Olay Öner’in üzerine yıkıldı

Olay saatine yakın bir zaman diliminde Nevzat Öner'in Muradiye ilçesinden baz verisinin olduğu tespit edilmesinin müvekkilinin olayın içerisinde olmadığının en önemli göstergesi olduğunu söyleyen Av. Karabulut, şunları belirtti: ''Dosya kapsamında Nevzat Öner’in lehine olan ve suçsuzluğunu ispatlayan birçok hususun araştırılmadan karar verildi. Olay bir yönüyle müvekkilin üzerine yıkılmaya çalışıldı. Hukuki açıdan facia denilecek bir karara imza atılmıştır.

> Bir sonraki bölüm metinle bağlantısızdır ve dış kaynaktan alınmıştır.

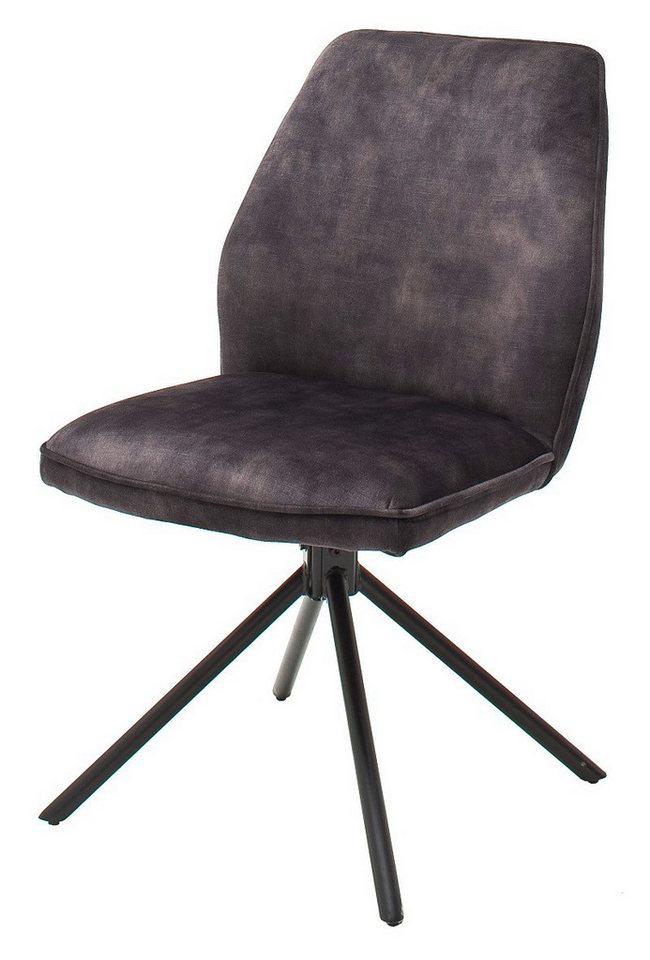 MCA furniture Esszimmerstuhl 2er Set Stuhl Ottawa, Vintage Velours-Optik, anthrazit (2er-Set) von MCA furniture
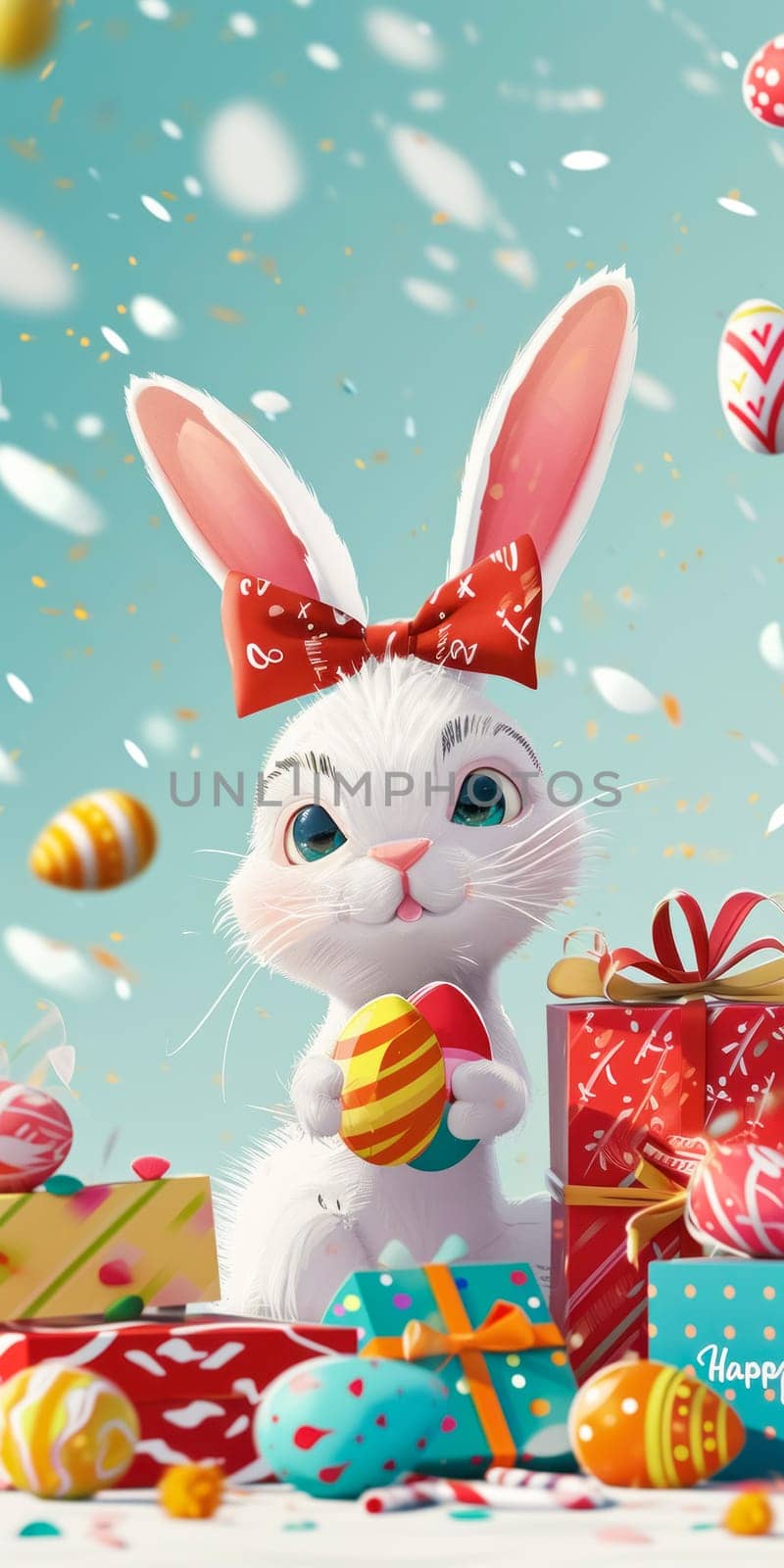 An endearing Easter bunny holding a decorated egg, surrounded by a festive array of colorful Easter eggs and gift boxes, with butterflies fluttering around.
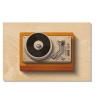 Carte postale en bois tourne disque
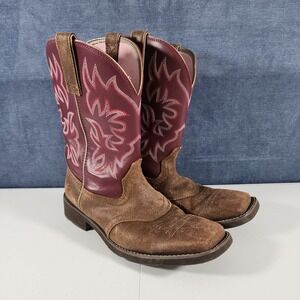 Ariat Delilah Western Boots Womens 10b Java Burgundy Cowgirl Cowboy 10031593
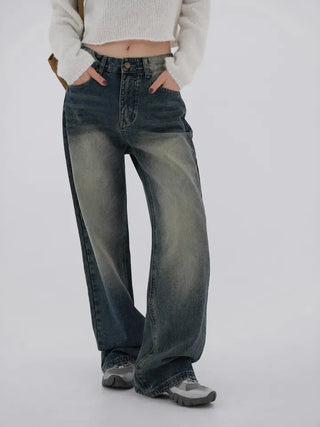 Zelin Vintage Washed Wide Denim Pants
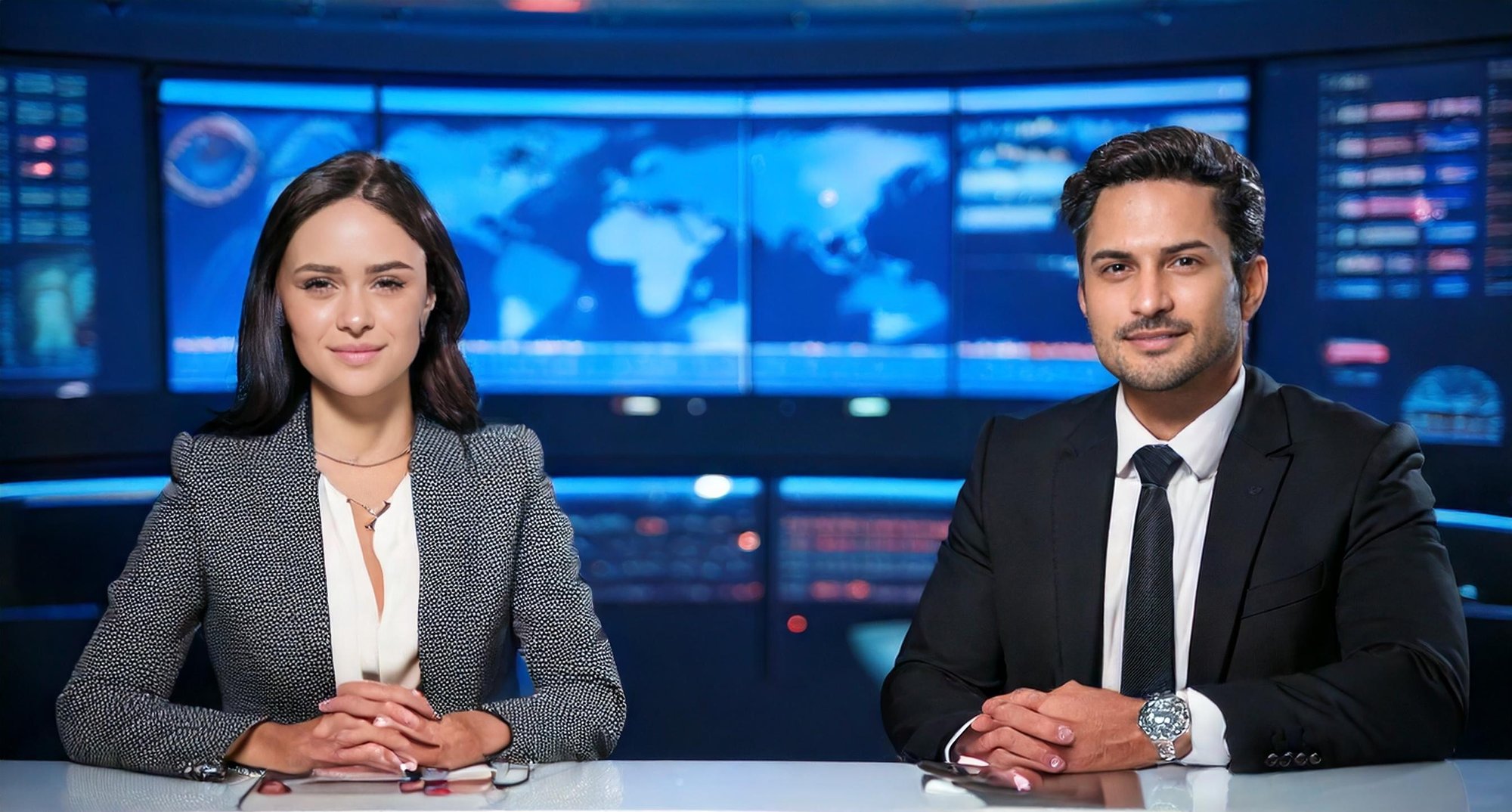 Firefly Realistic photo of two professional American news anchors at a polished desk in a modern new (1)-1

Temyiz incelemesi halen devam etmektedir. Yargıtay tarafından karar bozulursa yargılama işlemleri sürecektir. Eğer Yargıtay kararı onarsa karar kesinleşecektir. Bu karara karşı Anayasa Mahkemesine bireysel başvuruda bulunulacak ve olağanüstü kanun yoluna başvurulacaktır. Anayasa Mahkemesi’nin talebimizi reddetmesi ihtimalinde ise Avrupa İnsan Hakları Mahkemesi’ne başvuru yapılacaktır.”

Bir hukuk faciası

Van F Tipi Kapalı Cezaevi’nde tutsak olan ve mektup yoluyla görüştüğümüz Nevzat Öner ise yaşadığı durumu bir hukuk faciası olarak değerlendiriyor. İçinde bulunduğu hukuksuzluğu anlatan Öner sözlerini şöyle sürdürüyor: “Bütün maddi deliller olay anında orada olmadığımı, söz konusu aracın benim aracım olmadığını açıkça göstermesine rağmen tarafıma 3 ağırlaştırılmış müebbet ve 18 yıl ceza verilmesi tam anlamıyla hukukun, yasal ve anayasal düzenin katliamıdır. Lehime olan bütün delil ve dayanakları gerekçe bile göstermeden göz ardı eden, siyasi saikler ve nereye dayandığı bence belli olan kanaatlerle karar alan mahkemenin, hukuk ve adalet adına yaptığı bu trajikomik seremonisini hukuki düzlemde değil, politik ve ideolojik aparata dönüşen konumu üzerinden değerlendiriyor, verilen kararın bunun yansıması olduğunu düşünüyorum."

Devlet olaya fail aradı

Olayın hemen ardından HDP yöneticilerinin de bulunduğu 43 kişi gözaltına alınmasını da yaşanan sürecin politik bir durum olduğuna değinen Öner, “Yeterli soruşturma yürütülmeden 43 kişinin gözaltına alınması, önceden belirlenmiş bir plan dahilinde ‘olaya fail arama’dır. Hukuk kılıfıyla giydirilen bu uygulama ve kararların, hukukun temel dayanakları olan maddi ve somut deliller ile değil, hukuk dışı, politik veriler ve fişlemeler ile yapıldığı açıktır. Kendileri için düşman gördükleri herkesi kriminalize ederek, her olayın potansiyel şüphelisi, faili ve suçlusu ilan ettikten sonra, geriye sadece hukuk cübbesi giymiş bir hakimin karar vermesi kalıyor.”

***

AİHM'e kadar gideceğiz

Dosya kapsamında Nevzat Öner’in lehine olan ve suçsuzluğunu ispatlayan birçok hususun araştırılmadan karar verildiğini söyleyen AV. Abdurrahman Karabulut, "Temyiz incelemesi halen devam etmektedir. Yargıtay tarafından karar bozulursa yargılama işlemleri sürecektir. Eğer Yargıtay kararı onarsa karar kesinleşecektir. Bu karara karşı Anayasa Mahkemesi'ne bireysel başvuruda bulunulacak ve olağanüstü kanun yoluna başvurulacaktır. Anayasa Mahkemesi’nin talebimizi reddetmesi ihtimalinde ise Avrupa İnsan Hakları Mahkemesi'ne (AİHM) başvuru yapılacaktır."